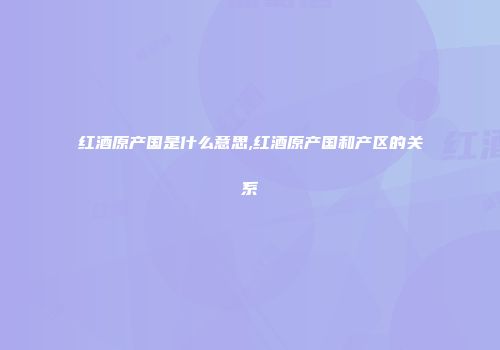 红酒原产国是什么意思,红酒原产国和产区的关系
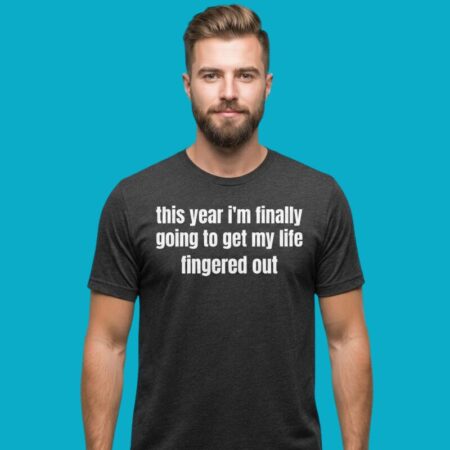 This Year I'm Finally Going To Get My Life Fingered Out Shirt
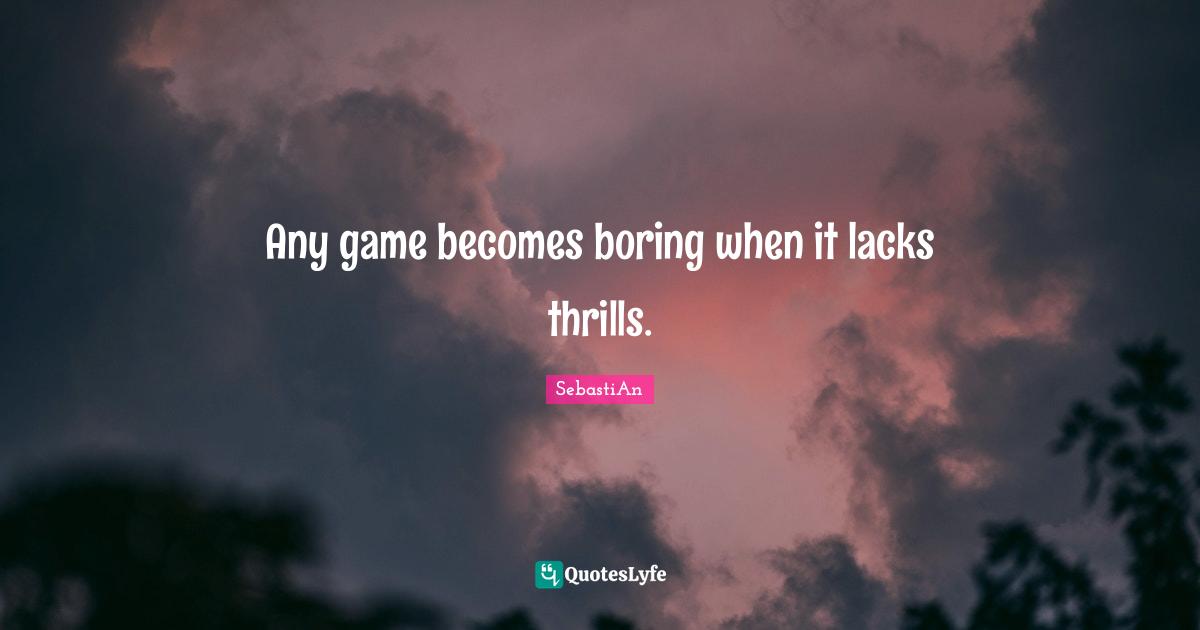 Any game becomes boring when it lacks thrills.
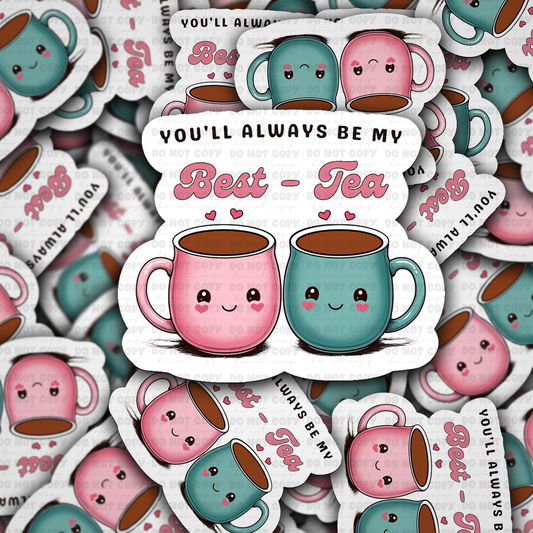 You'll Always be my best tea sticker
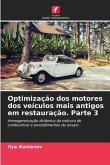 Optimização dos motores dos veículos mais antigos em restauração. Parte 3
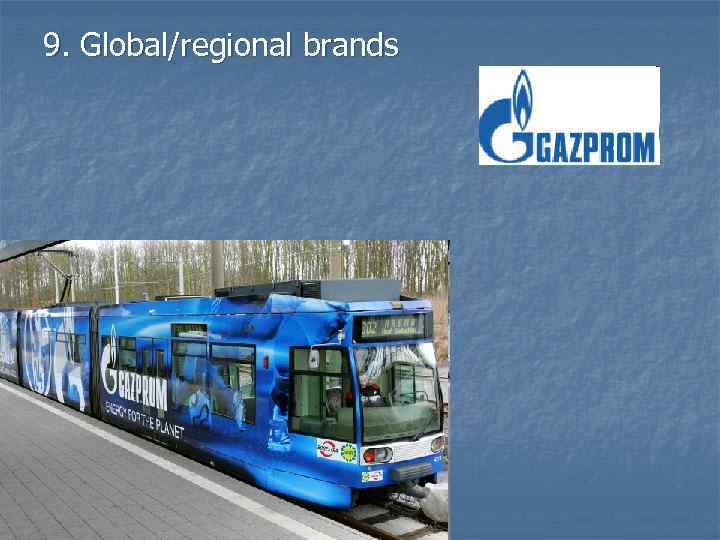 9. Global/regional brands 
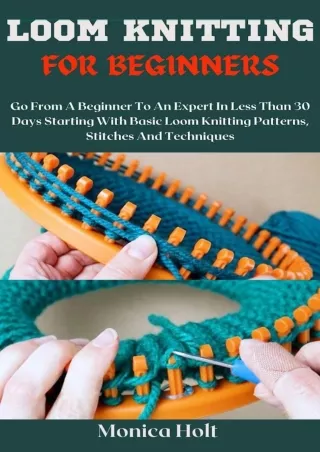 [PDF] READ] Free LOOM KNITTING FOR BEGINNERS: Go From A Beginner To An Expert In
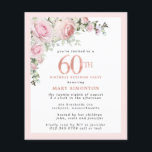 Lámina Presupuesto 60.º cumpleaños Fiesta sorpresa Floral<br><div class="desc">Marco rosa suave de color rosa rosa con una elegante disposición floral rosa rosada en la esquina superior izquierda. 60 está escrito en una hermosa textura de oro rosa. Bonito y diseño femenino.</div>
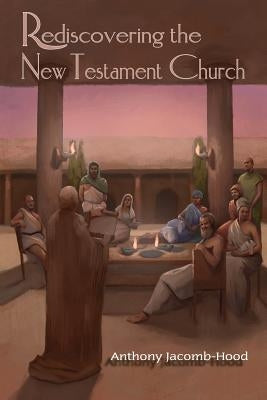 Rediscovering the New Testament Church by Zens, Jon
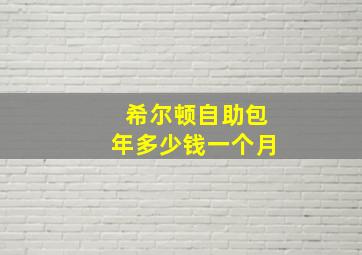 希尔顿自助包年多少钱一个月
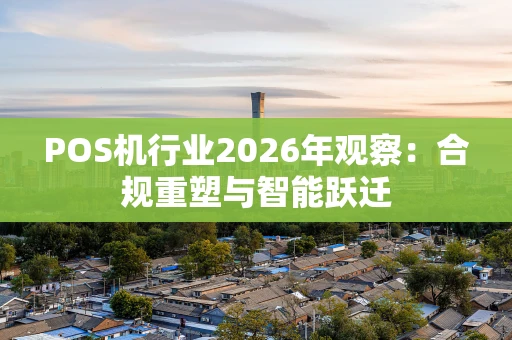 POS机行业2026年观察：合规重塑与智能跃迁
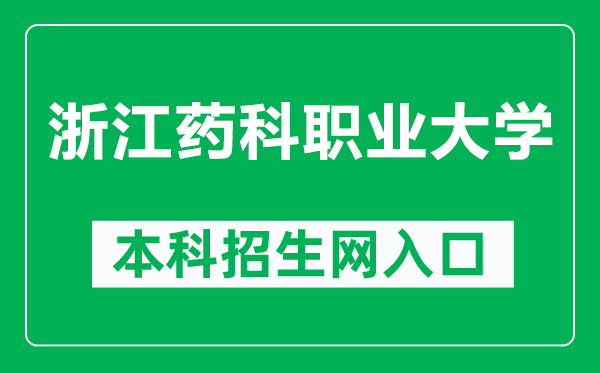 浙江药科职业大学本科招生网网址（https://zs.zjpc.net.cn/）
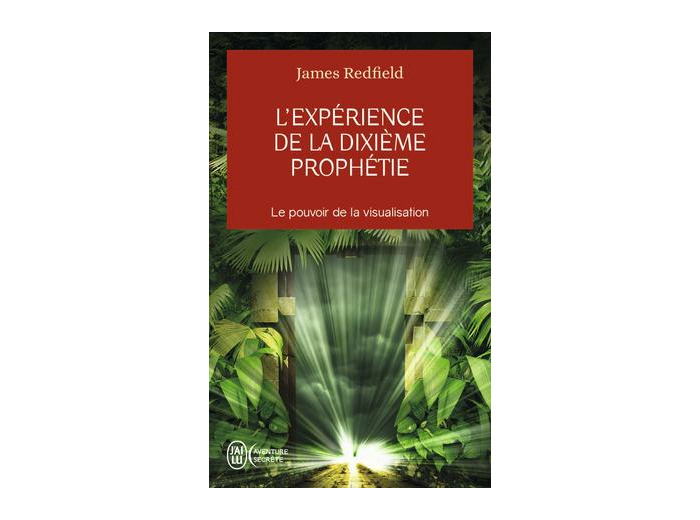 L'expérience de la dixième prophétie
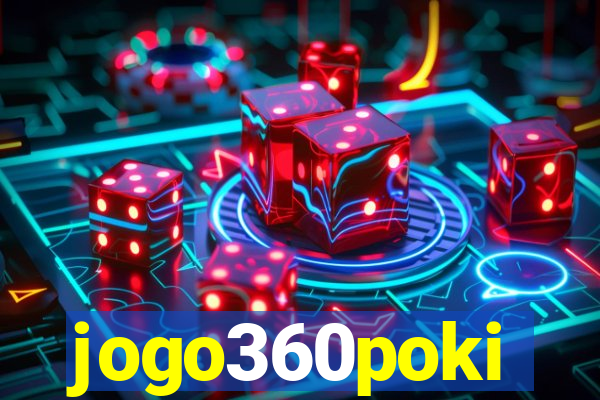 jogo360poki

● ● ● ● ● ● ●

** What is required **
Set down the material word for word, and drop every picture from it.

** Exercise answer **
 红酒原产国是什么意思,红酒原产国和产区的关系
 This Year I'm Finally Going To Get My Life Fingered Out Shirt
 Any game becomes boring when it lacks thrills.
 You'll Always be my best tea sticker
 Optimização dos motores dos veículos mais antigos em restauração. Parte 3
 9. Global/regional brands 
 [PDF] READ] Free LOOM KNITTING FOR BEGINNERS: Go From A Beginner To An Expert In
 Lámina Presupuesto 60.º cumpleaños Fiesta sorpresa Floral<br><div class="desc">Marco rosa suave de color rosa rosa con una elegante disposición floral rosa rosada en la esquina superior izquierda. 60 está escrito en una hermosa textura de oro rosa. Bonito y diseño femenino.</div>
 Rediscovering the New Testament Church by Zens, Jon
 希尔顿自助包年多少钱一个月
 POS机行业2026年观察：合规重塑与智能跃迁
 浙江药科职业大学本科招生网网址（https://zs.zjpc.net.cn/）
 L'expérience de la dixième prophétie
 jogo360poki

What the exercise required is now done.